FRANCISTOWN: The managing director (MD) of Matsiloje Portland Cement (MPC), Rachit Josh has said that it will be difficult to re-open the company unless the government moves swiftly and puts in place measures to restrict the importation of cement into the country.
The company which operates a cement manufacturing plant in Matsiloje, near Francistown, is a 100% subsidiary of Nortex. The company closed in January last year in a move that resulted in over 150 people losing their jobs.
Josh highlighted that lack of protection from South African firms is one of the main reasons the company was forced to close.
In June last year the Ministry of Industry, Trade and Investment said that it was in the process of introducing restrictions on the importation of cement.

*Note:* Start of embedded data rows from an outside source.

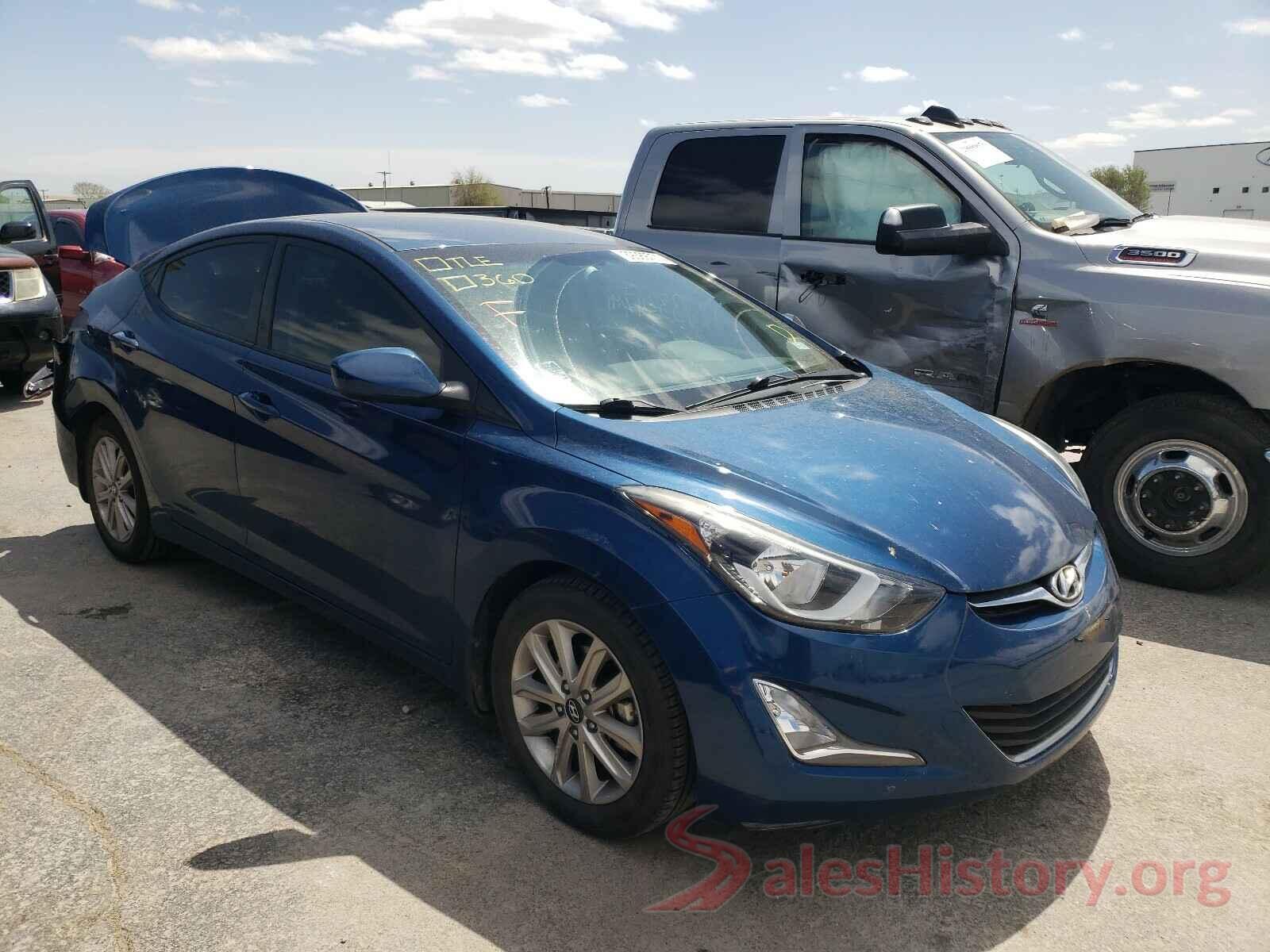 KMHDH4AE4GU543619 2016 HYUNDAI ELANTRA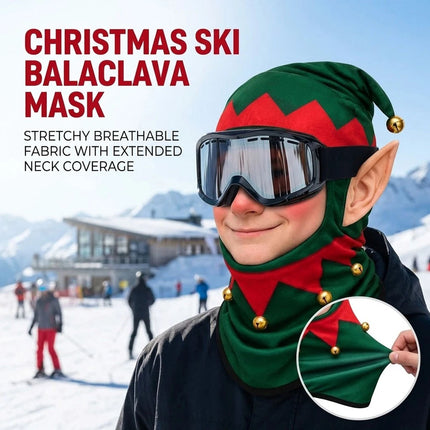 Christmas Ski Mask Funny Realistic Face Balaclavas 3D Printed Full Face Winter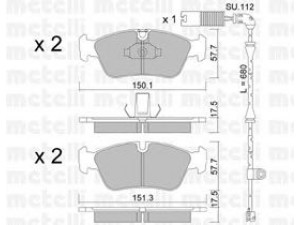 METELLI 22-0260-0K stabdžių trinkelių rinkinys, diskinis stabdys 
 Techninės priežiūros dalys -> Papildomas remontas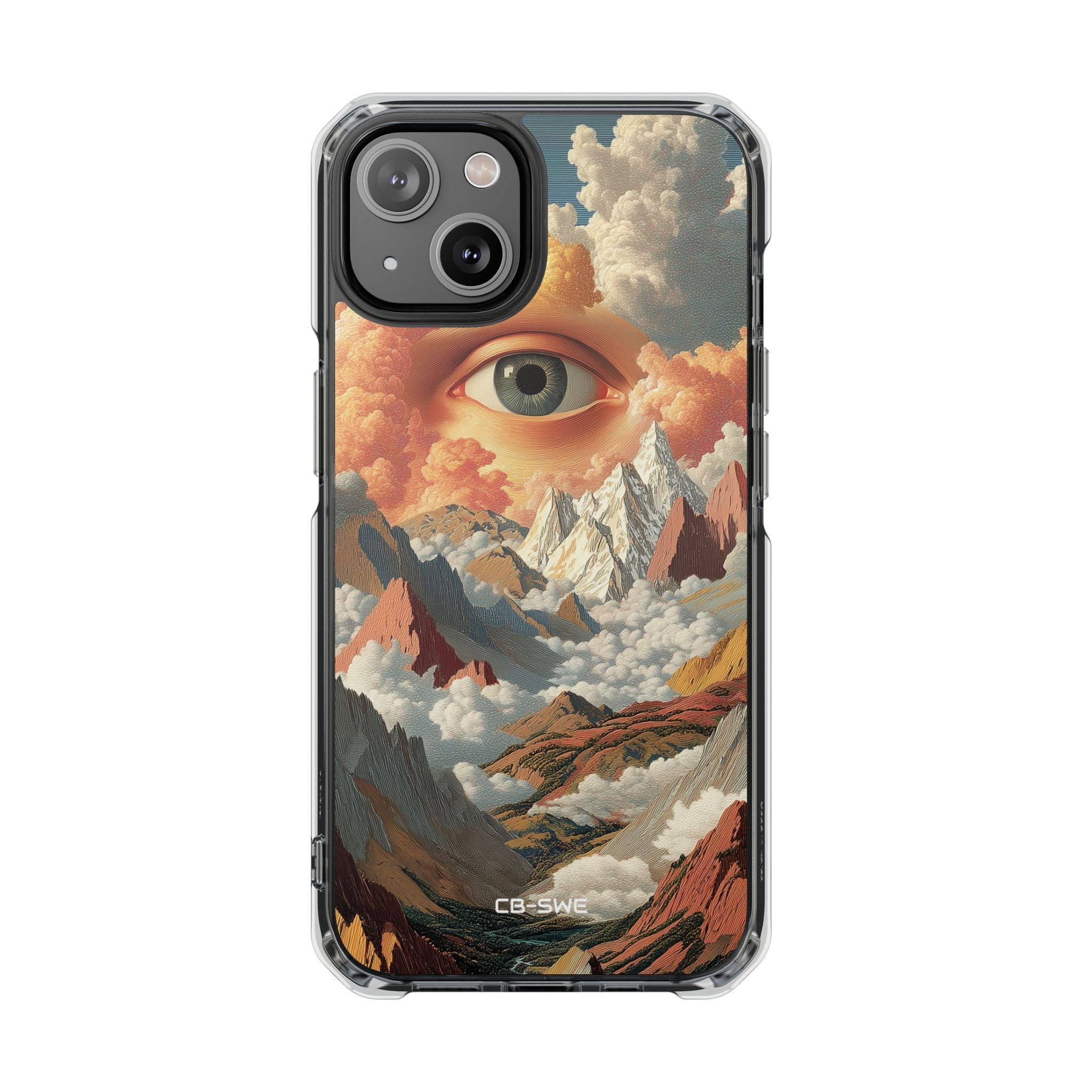 Eye Reflects Mountains iPhone Case - Impact
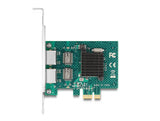 Delock PCI Express x1 Netzwerkkarte Gigabit LAN 2 x RJ45 BCM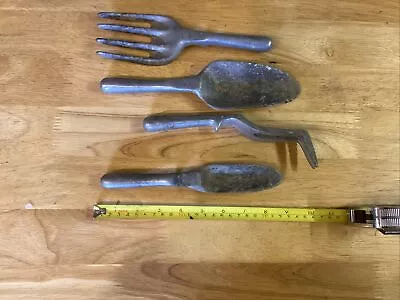 Four Old Aluminium Garden Tools • £12.50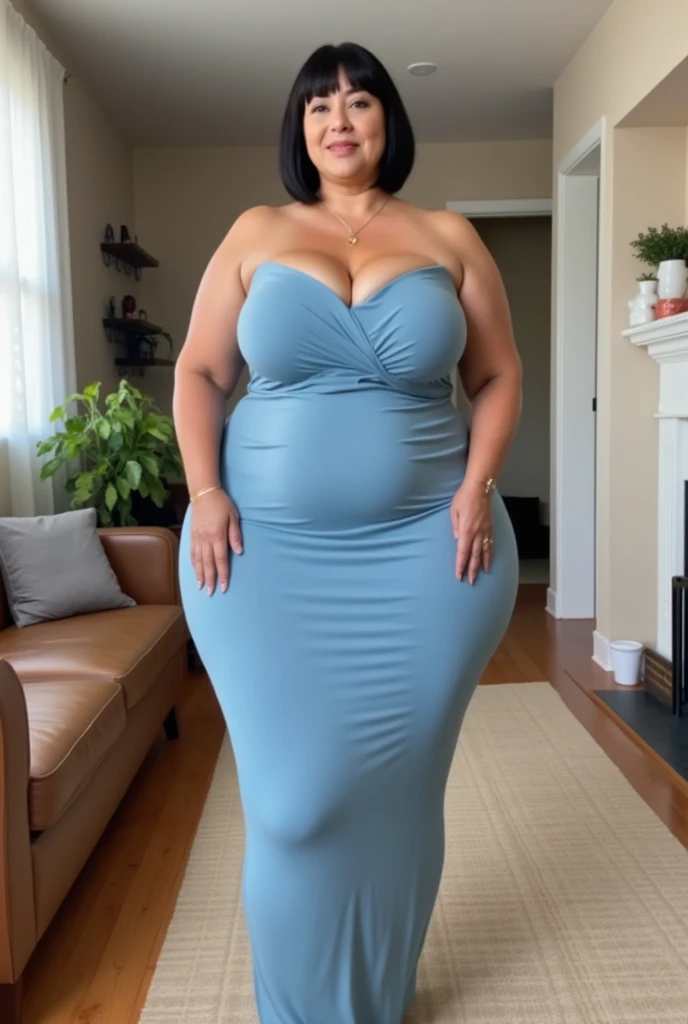 there is a busty woman in a one-piece swimsuit posing for a picture, ((huge pregnant)), wet, sexy body, slim waist, big butt, front bangs, short hair, ji-min, (at a beach), full body, sexy pose, wearing visor cap, bangles, dynamic angle, dynamic pose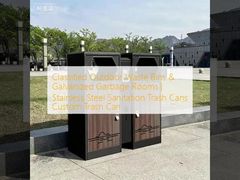 Classified Outdoor Waste Bins & Galvanized Garbage Rooms | Stainless Steel Sanitation Trash Cans   Custom Trash Can
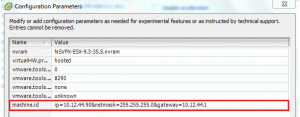 NetScaler VPX machine settings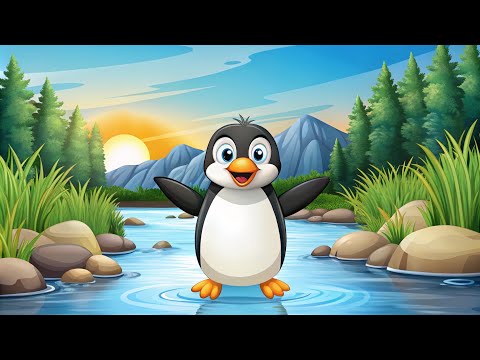 How to Draw a Cute Cartoon Penguin | Easy Step By Step Drawing Tutorial #kids #drawing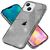 Für iPhone 14 Plus Hülle Glitzer Handyhülle Durchsichtig Glitter Cover Etui Case Schwarz
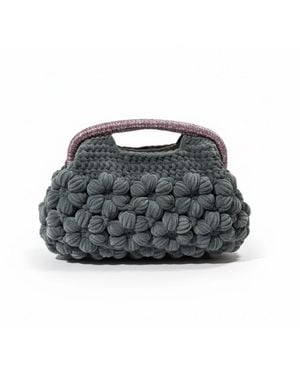Springmoonatelier Velvet Hand-Knitted Designer Bag – Elegant, Soft, And Unique - Green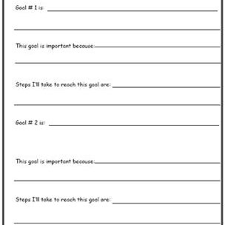 All formats available for pc, mac, ebook readers and other mobile devices. Printable Worksheets For Back To School Goal Setting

The ministry said that the move was meant to foster employment creation in the sector as well as contribute to economic diversification. However, it remains unclear as to when will the restrictions will be implemented. Josh told Monitor Business that for years SA firms have been facing low demand for their products (cement) in their home country and have been crossing into Botswana where they sell their products below the market price. “What they (SA firms) are doing is killing the market and unless there is strong protection (in the form of import restrictions) from government it will be difficult to re-open the business,” he said.
“Zimbabwe, Nambia and SA have measures (import restrictions) in place to protect their market while Botswana does not have. “When we were in operation we constantly reduced prices until we reached a point where we felt that it was not sustainable to continue running the business. We had hoped that the business environment will change for the better but things did go not as we had anticipated.”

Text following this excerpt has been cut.